**Work to complete**
Set down every record once more, exactly as given.

**Extracted entries**
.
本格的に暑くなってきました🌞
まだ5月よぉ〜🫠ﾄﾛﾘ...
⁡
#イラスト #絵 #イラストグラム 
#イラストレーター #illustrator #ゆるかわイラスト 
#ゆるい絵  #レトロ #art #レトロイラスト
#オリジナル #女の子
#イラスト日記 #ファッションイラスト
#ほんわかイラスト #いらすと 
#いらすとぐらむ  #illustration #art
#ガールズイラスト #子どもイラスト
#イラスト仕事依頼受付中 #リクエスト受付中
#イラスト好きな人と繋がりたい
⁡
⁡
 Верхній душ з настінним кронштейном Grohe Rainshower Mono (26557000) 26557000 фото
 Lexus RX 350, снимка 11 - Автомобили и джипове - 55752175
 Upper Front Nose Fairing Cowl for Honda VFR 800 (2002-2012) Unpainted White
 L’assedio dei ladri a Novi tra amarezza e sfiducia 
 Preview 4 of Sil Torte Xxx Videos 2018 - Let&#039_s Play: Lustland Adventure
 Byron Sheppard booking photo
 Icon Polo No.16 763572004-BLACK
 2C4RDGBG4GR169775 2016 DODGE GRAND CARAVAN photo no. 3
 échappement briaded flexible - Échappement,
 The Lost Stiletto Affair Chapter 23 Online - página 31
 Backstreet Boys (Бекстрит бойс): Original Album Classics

**Solution**
.
本格的に暑くなってきました🌞
まだ5月よぉ〜🫠ﾄﾛﾘ...
⁡
#イラスト #絵 #イラストグラム 
#イラストレーター #illustrator #ゆるかわイラスト 
#ゆるい絵  #レトロ #art #レトロイラスト
#オリジナル #女の子
#イラスト日記 #ファッションイラスト
#ほんわかイラスト #いらすと 
#いらすとぐらむ  #illustration #art
#ガールズイラスト #子どもイラスト
#イラスト仕事依頼受付中 #リクエスト受付中
#イラスト好きな人と繋がりたい
⁡
⁡
 Верхній душ з настінним кронштейном Grohe Rainshower Mono (26557000) 26557000 фото
 Lexus RX 350, снимка 11 - Автомобили и джипове - 55752175
 Upper Front Nose Fairing Cowl for Honda VFR 800 (2002-2012) Unpainted White
 L’assedio dei ladri a Novi tra amarezza e sfiducia 
 Preview 4 of Sil Torte Xxx Videos 2018 - Let&#039_s Play: Lustland Adventure
 Byron Sheppard booking photo
 Icon Polo No.16 763572004-BLACK
 2C4RDGBG4GR169775 2016 DODGE GRAND CARAVAN photo no. 3
 échappement briaded flexible - Échappement,
 The Lost Stiletto Affair Chapter 23 Online - página 31
 Backstreet Boys (Бекстрит бойс): Original Album Classics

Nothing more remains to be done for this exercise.